The next release of Windows Server, code-named Longhorn, will bring a number of TCP-related improvements to the Windows platform.

Enhancements to the network stack, like receive-side-window autotuning and the Compound TCP algorithm, will increase network performance. But upgrading to any new system brings some pain. Before you deploy Longhorn, or even Vista, have a clear understanding of the impact these modifications will have on your network.Besides network stack enhancements, Longhorn's management features bring efficiencies. Group Policy-based QoS (quality of service), for instance, will let you manage Windows bandwidth consumption. And IPv6, already available for previous versions of Windows, is installed and enabled by default. However, these changes to the TCP stack affect network performance.

Go Speed Racer, Go!

TCP stack enhancements in Vista and Longhorn deliver faster performance, but that translates into higher network utilization, which may actually impair network performance as multiple computers consume more bandwidth. VoIP and other time-sensitive apps may be squeezed out as the number of Vista and Longhorn computers increase. The bottlenecks could manifest as bursty traffic (higher throughput means shorter transfer times). The culprit is in receive-side-window "autotuning."

Default installations of Windows OSs prior to Vista and Longhorn had a built-in bottleneck in the TCP stack in the form of a fixed receive-side window size. TCP connections must acknowledge every byte sent from one host to another. A receive window is used to acknowledge multiple TCP packets at one time rather than acknowledging each individual packet; the current window grows or shrinks based on how quickly the receiver can process TCP packets (see "Receive Windows," page 26). The maximum throughput a host can achieve is governed by the window size and the round-trip time. The sending host will send as many packets as can fit in the receiver window, then wait for an acknowledgement. The default window size for Windows XP and Windows Server 2003 is 65,535 bytes, which equals a maximum throughput of about 5.2 Mbps on a connection with a 100-millisecond round-trip time regardless of the LAN speed.

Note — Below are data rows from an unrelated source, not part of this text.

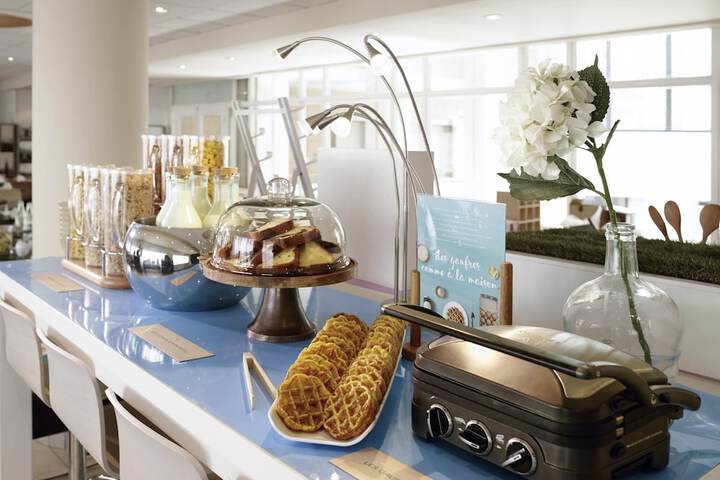 Breakfast/Coffee Service 30 of 56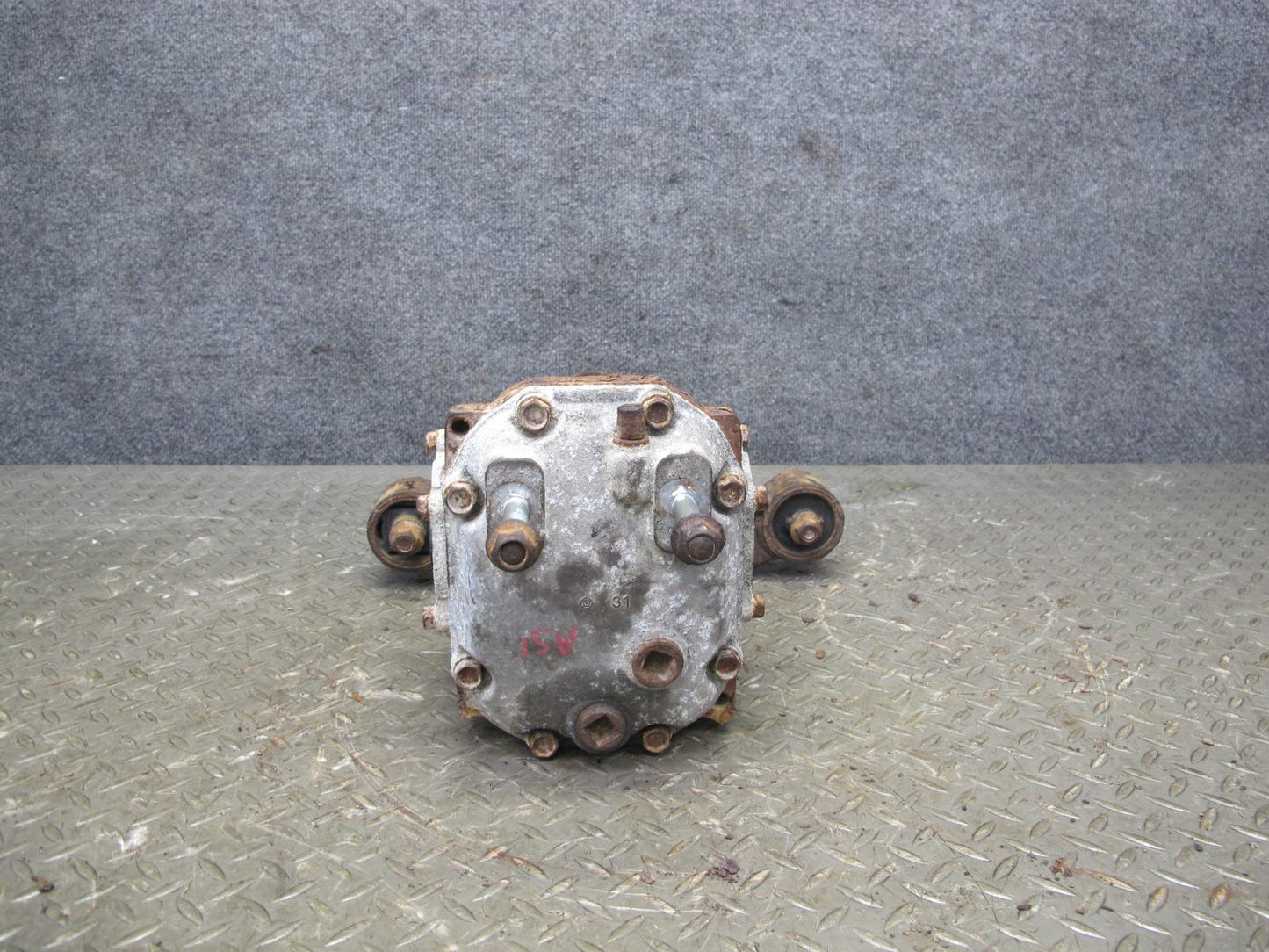 08-14 Subaru Impreza WRX 2.5L M/T Rear Differential Carrier 3.9 Ratio 105k OEM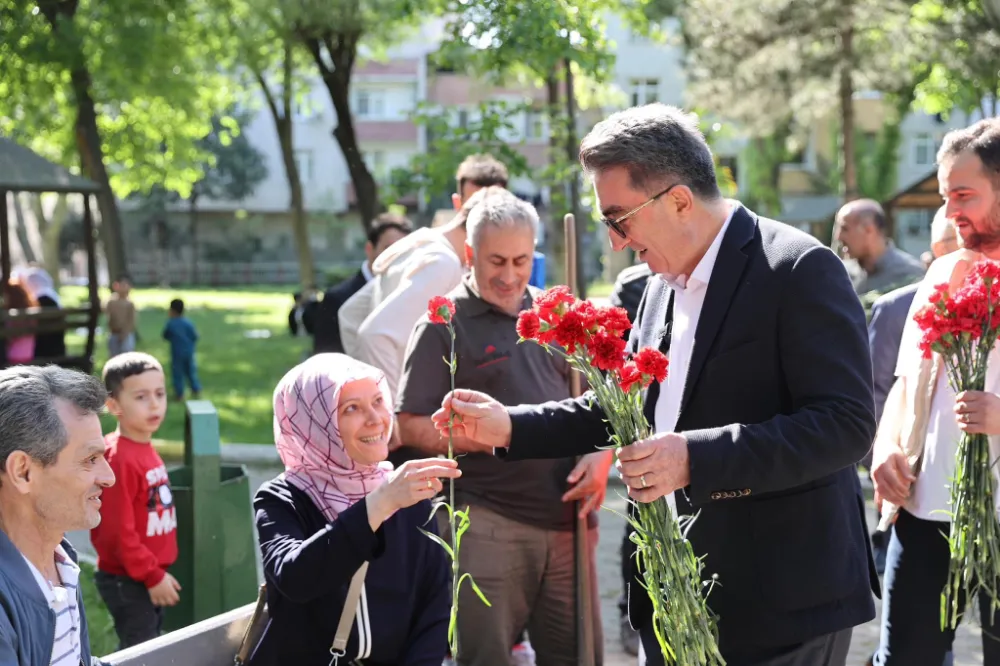 ANNELER GÜNÜ BAYRAMPAŞA’DA KUTLANDI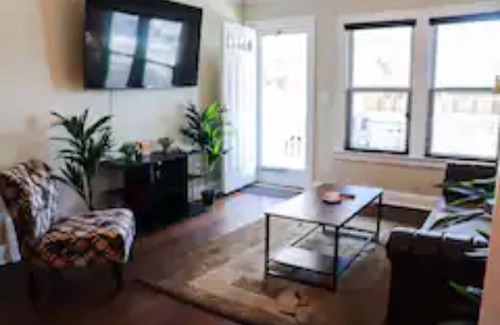 Wyandotte Maison | BRAND NEW LISTING FROM A SUPERHOST!
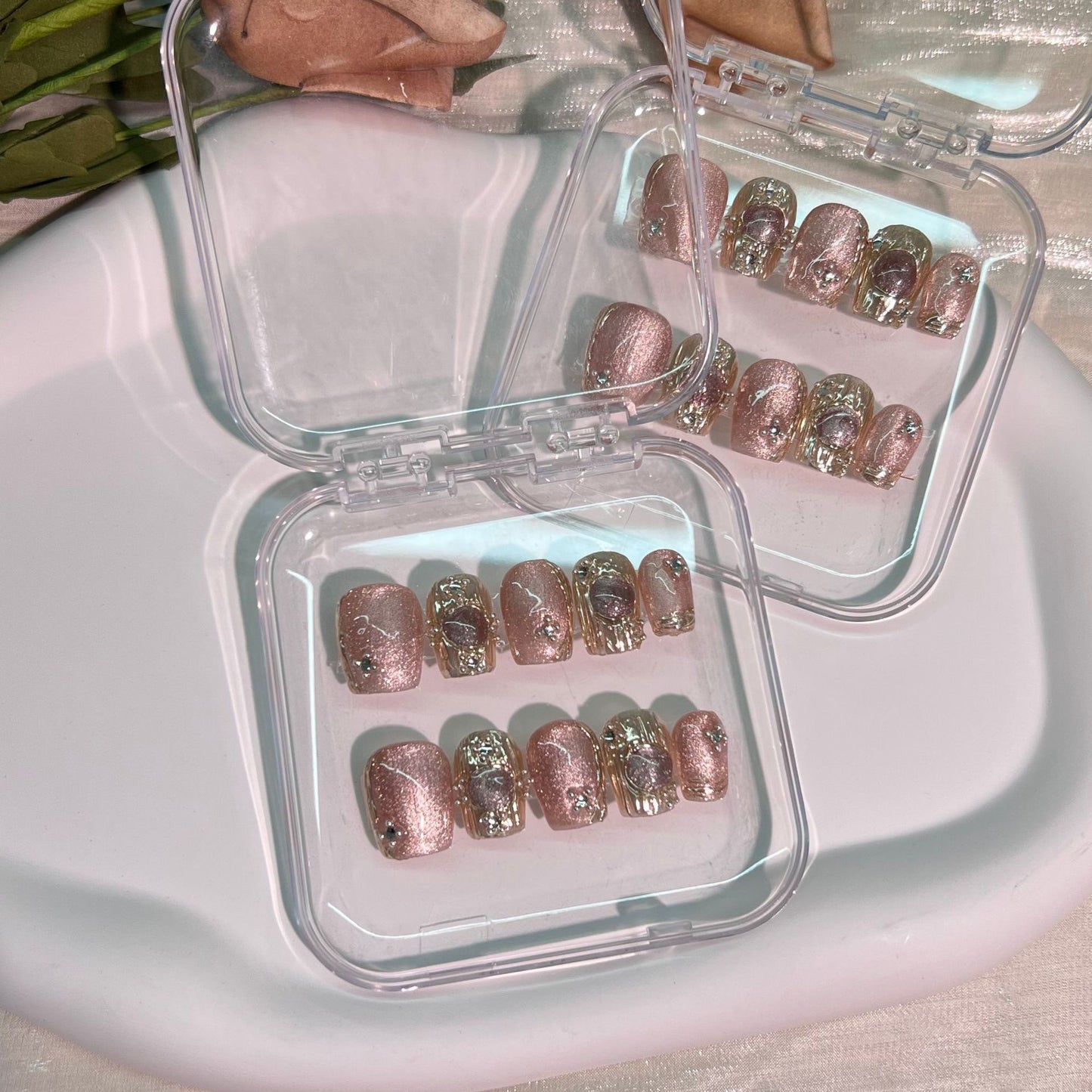 (Hand-Made Nail) Water-Light Yarn Cat Eye Handmade Wear Nail Stickers Pink Cat Eye White Short Medium Hardware Girl Light Luxury Advanced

Windows XP and Server 2003 could be tweaked by adding registry keys to enable window scaling as defined in RFC 1323, which allows larger windows and, therefore, higher throughput, but configuring registry keys manually is difficult and error-prone, and the new window size would apply to all TCP connections on a host. In Vista and Longhorn, the receive-side-window scaling autotunes to achieve maximum throughput per connection and responds to network changes such as congestion and delay.In informal tests we conducted, a Windows Vista computer had twice the throughput downloading a file from a Windows 2003 server, compared with the same download to a Windows XP computer.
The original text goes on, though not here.